Short web captions →
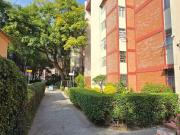 Vendo depto en Col. Narciso Mendoza Tlalpan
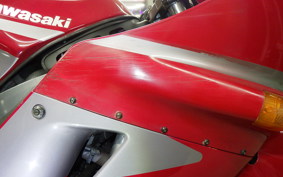 KAWASAKI ZZ1100 NINJA R 1990 ZXT10C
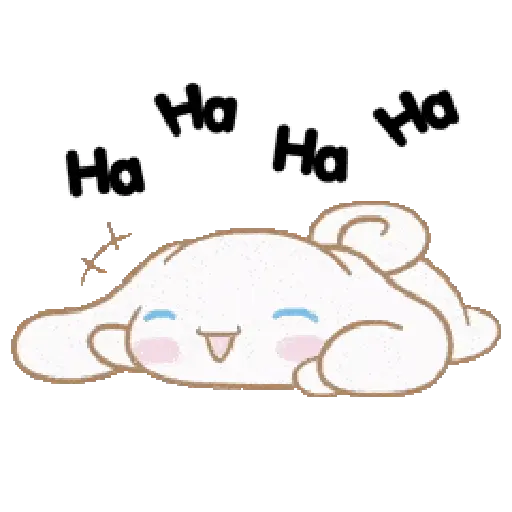 Cinnamoroll Valentine ˚⊹ ᰔ 15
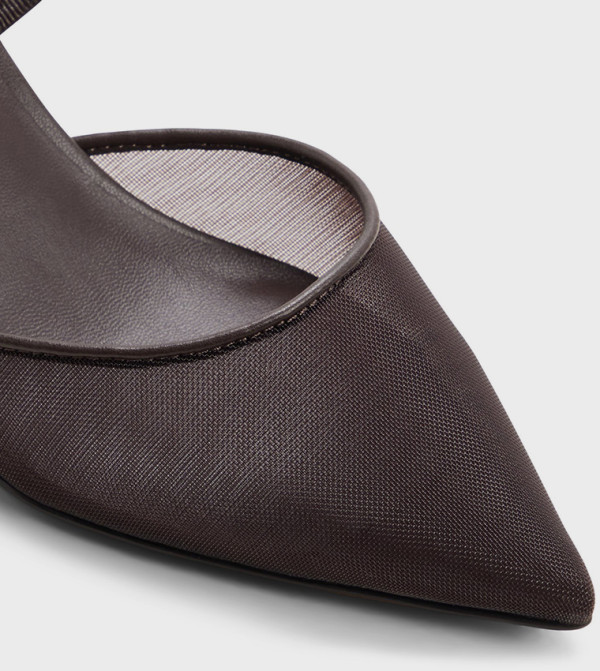 Call it Spring Call It Spring - Brown Pumps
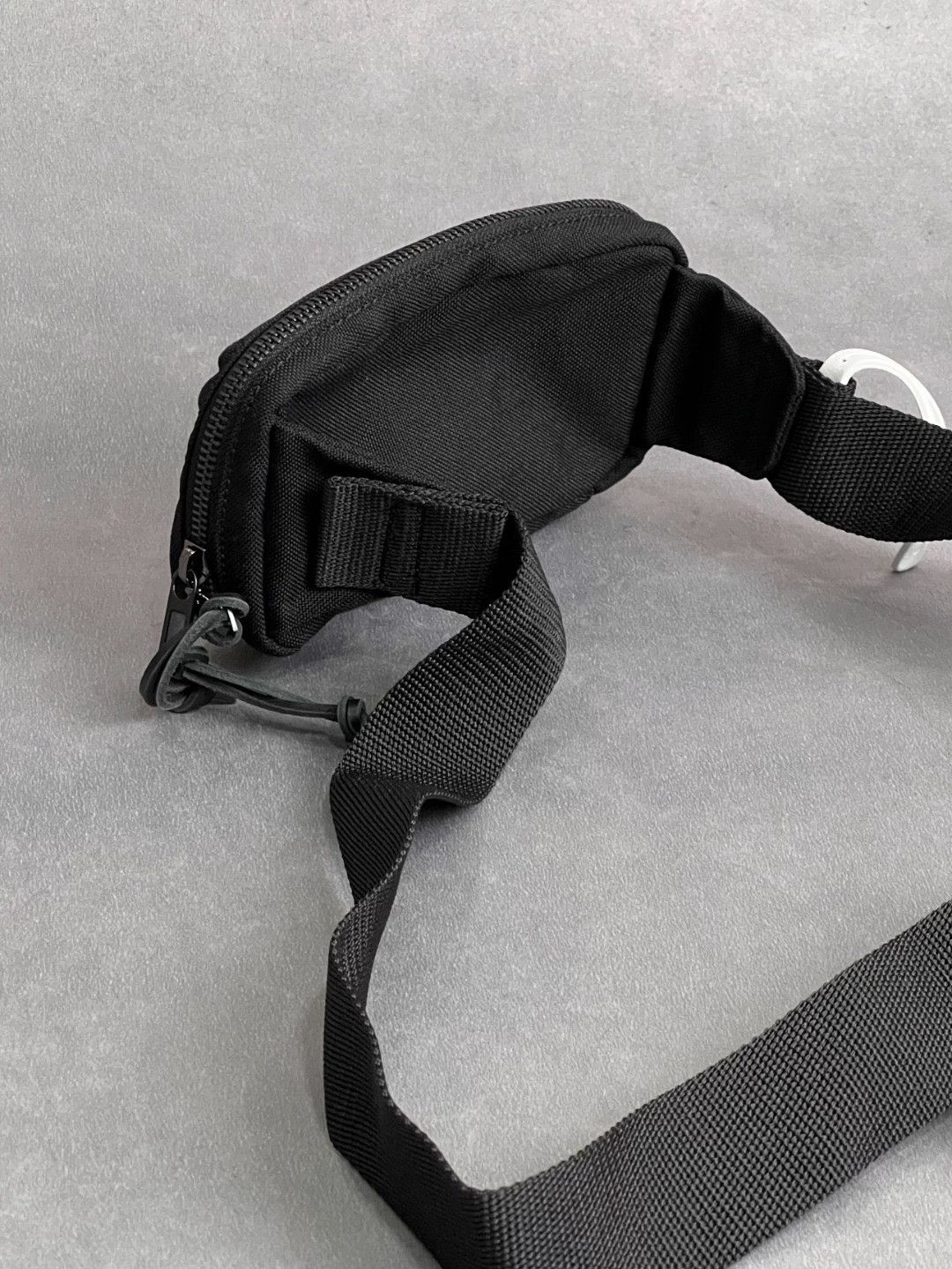 Maison Margiela Maison Margiela Casual Black Bag one size Men Size ONE SIZE - 5 Thumbnail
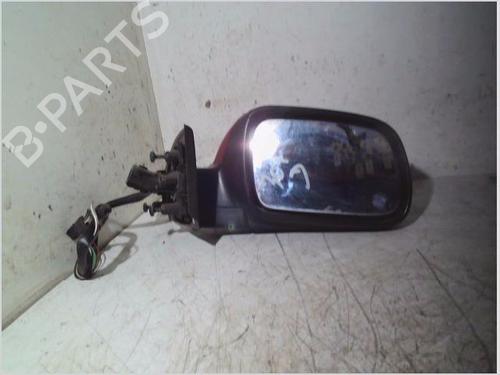 Right mirror PEUGEOT 307 (3A/C) 2.0 HDi 110 | BP26112393C27 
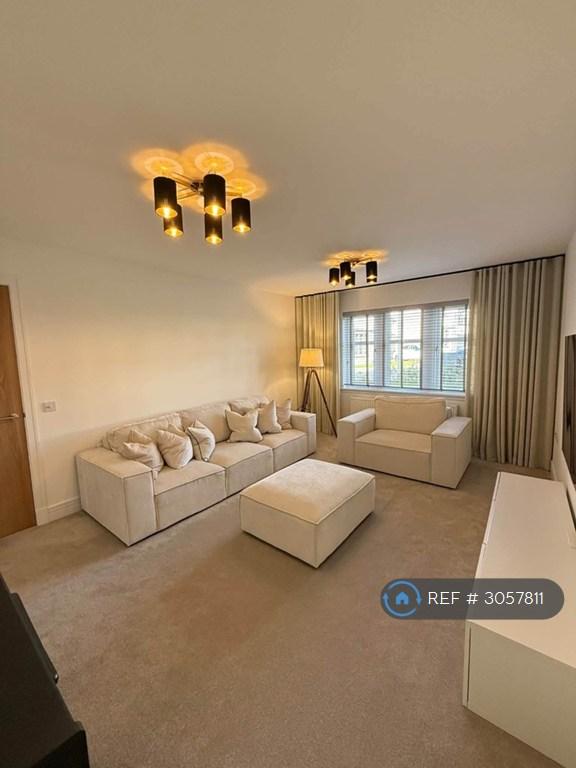 House Burnland View in Westhill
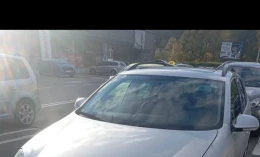 Volkswagen Golf Variant 2008 Diesel Manual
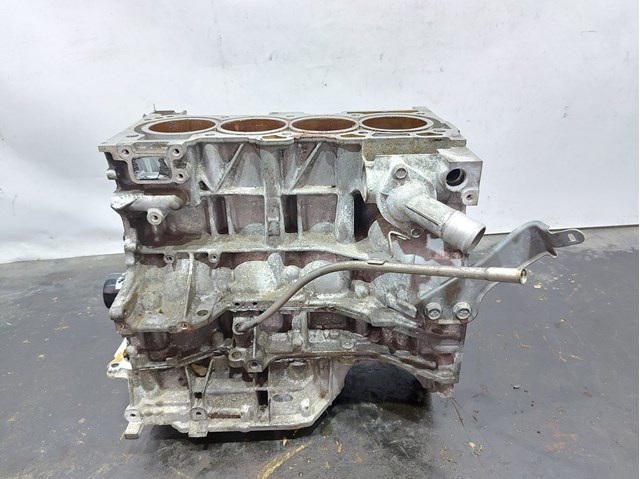 Блок цилиндров двигателя 110003KY1C NISSAN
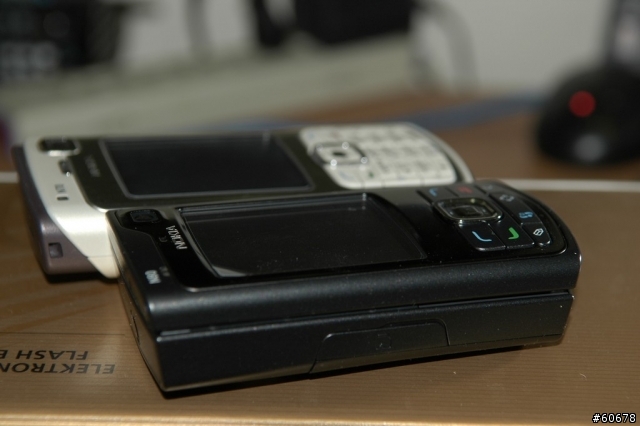 N80 中文版(更多照片補上囉)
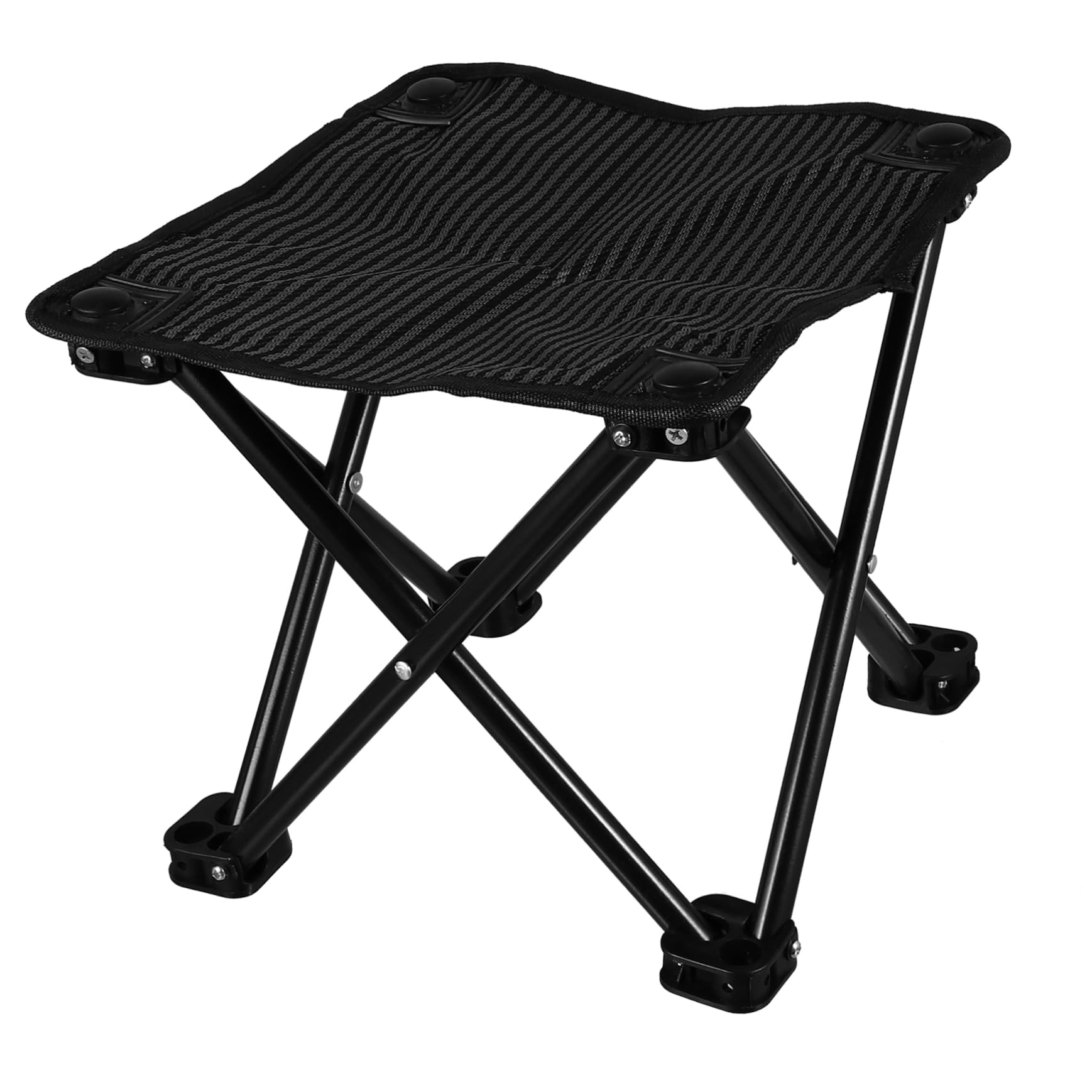 Sedia Pieghevole da Esterno Barbecue Pieghevole Sedia da Spiaggia Pieghevole Zaino da Pesca Zaino Pieghevole Sillas Plegables Portatile Prato All'Aperto Panno Oxford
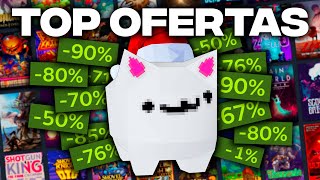 Dornet recomienda 11 juegos para las ofertas de Steam [upl. by Pawsner517]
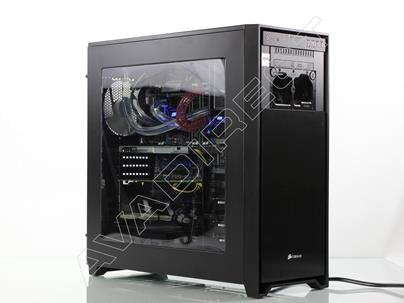 Black tower gaming system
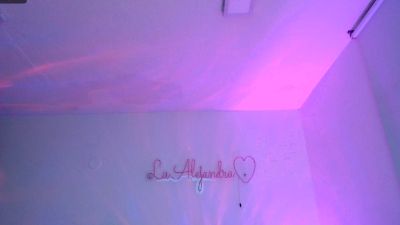 alee_lenoxxx from Colombia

Your instructions →
Print the records above exactly as they stand, but leave out the pictures.

Result for this exercise →
 Vendo depto en Col. Narciso Mendoza Tlalpan
 KAWASAKI ZZ1100 NINJA R 1990 ZXT10C
 Cinnamoroll Valentine ˚⊹ ᰔ 15
 Call it Spring Call It Spring - Brown Pumps
 Maison Margiela Maison Margiela Casual Black Bag one size Men Size ONE SIZE - 5 Thumbnail
 Right mirror PEUGEOT 307 (3A/C) 2.0 HDi 110 | BP26112393C27 
 House Burnland View in Westhill
 Volkswagen Golf Variant 2008 Diesel Manual
 Блок цилиндров двигателя 110003KY1C NISSAN
 N80 中文版(更多照片補上囉)
 Sedia Pieghevole da Esterno Barbecue Pieghevole Sedia da Spiaggia Pieghevole Zaino da Pesca Zaino Pieghevole Sillas Plegables Portatile Prato All'Aperto Panno Oxford
 Dornet recomienda 11 juegos para las ofertas de Steam [upl. by Pawsner517]
 Black tower gaming system
 alee_lenoxxx from Colombia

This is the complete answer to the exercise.